Эссе - Музиль Роберт - Страница 2


Изменить размер шрифта:

2

- Может же у художника, - выдал я вслух, - возникнуть однажды потребность высказать больше и точнее, нежели позволяют подобные средства. Вот тогда и возникают новые формы. Искусство есть нечто среднее между логическим обобщением и наглядной конкретностью. Обычно повествуют о действиях, а значения маячат в тумане, у горизонта. Или они ясно видны - но тогда, стало быть, они давно уже были всем известны. Разве нельзя в таком случае позволить себе забежать вперед и расширить сферу изображения, выйти за пределы обозримых фактических связей между мыслями и чувствами, о которых ты рассказываешь? Попробовать пробиться к вещам, которые уже не выразить словами, иным путем - сквозь то плотное марево людских испарений, что зыблется над каждым действием? По-моему, мы тем самым просто меняем состав технической смеси, и так и надо смотреть на это - с точки зрения инженера. А вот вы, называя это мудрствованиями, переоцениваете трудности изображения человека - тут достаточно нескольких штрихов, и, чем они привычней, тем лучше. Писатель, придающий столь большое значение жизненности своих персонажей, напоминает чересчур церемонного бога теологов с его принципом: дам-ка я человеку свободную волю, чтобы он исполнял мою. Ведь писатель для того и создает своих героев, чтобы вложить в них чувства, мысли и другие человеческие ценности - в изображении же действий те снова извлекаются из них.

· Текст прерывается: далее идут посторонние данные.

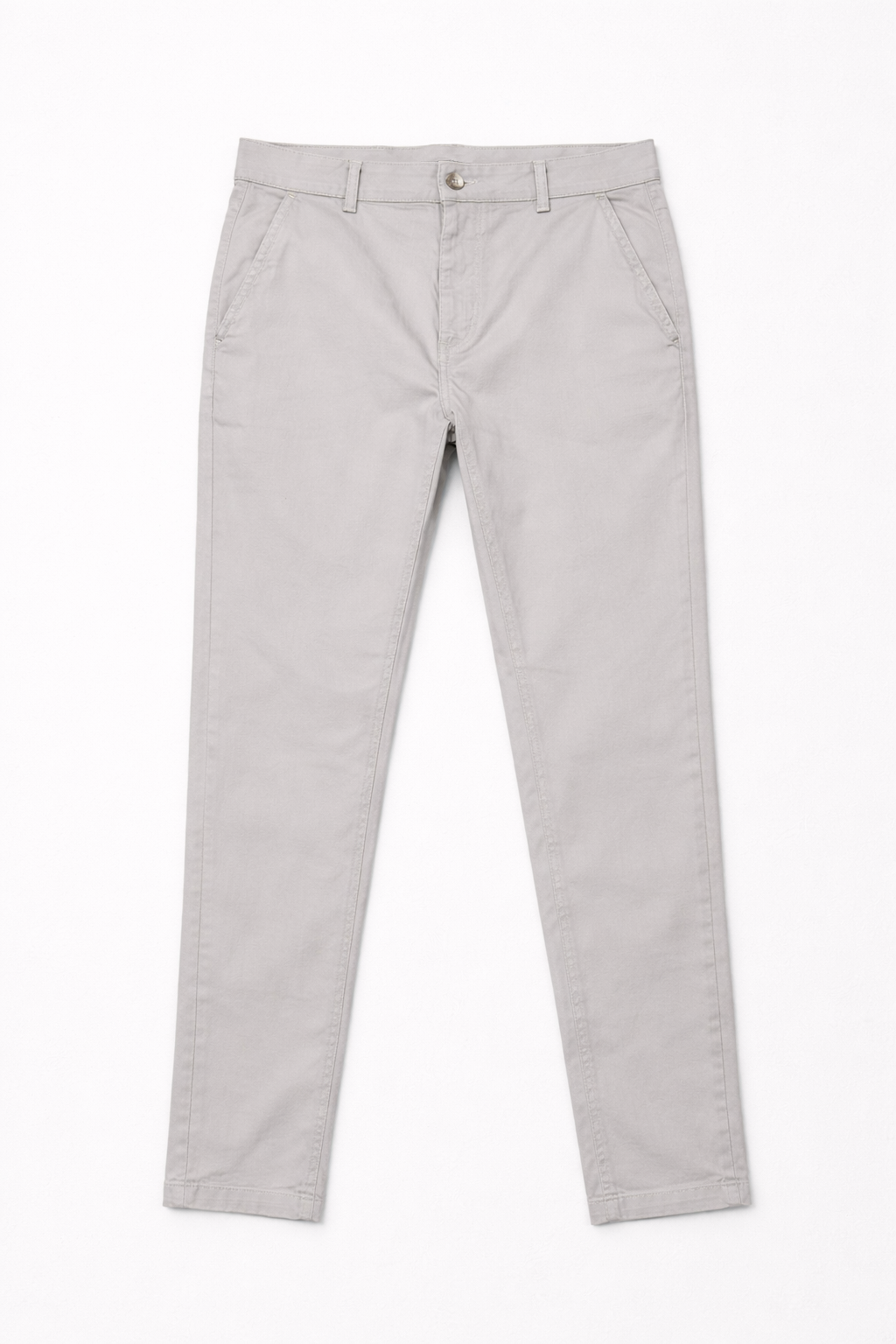 Bone chino pants front view — Clutch Denim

Тут меня лишили слова - его взял мой здравомыслящий коллега по перу.

- Что там ни говори, это всего лишь теория, - отрубил он. - Может, такая теоретическим путем вымученная теория и отвечает сути этого писателя, не спорю. Но все, что я говорил прежде, практически остается в силе: эти книги не имеют ничего общего с насущными потребностями нашей эпохи. Они обращаются к узкому кругу сверхчувствительных людей, у которых не осталось уже никаких, даже извращенных, реальных чувств, а лишь литературные представления о них. Перед нами искусственно вскормленное искусство, которое от слабости становится худосочным и темным, но строит на этом Бог весть какие амбиции. Вот именно! - вдруг загремел он, будто чувствуя себя обязанным выказать некой мысли особое уважение, хоть мы оба и молчали, терпеливо дожидаясь, когда он кончит. - Двадцатый век прямо-таки бурлит событиями, а этот человек не способен сказать ничего существенного ни о явлениях жизни, ни о жизни явлений! Одни догадки и предположения - вот душа его искусства. - И он напряг бицепс.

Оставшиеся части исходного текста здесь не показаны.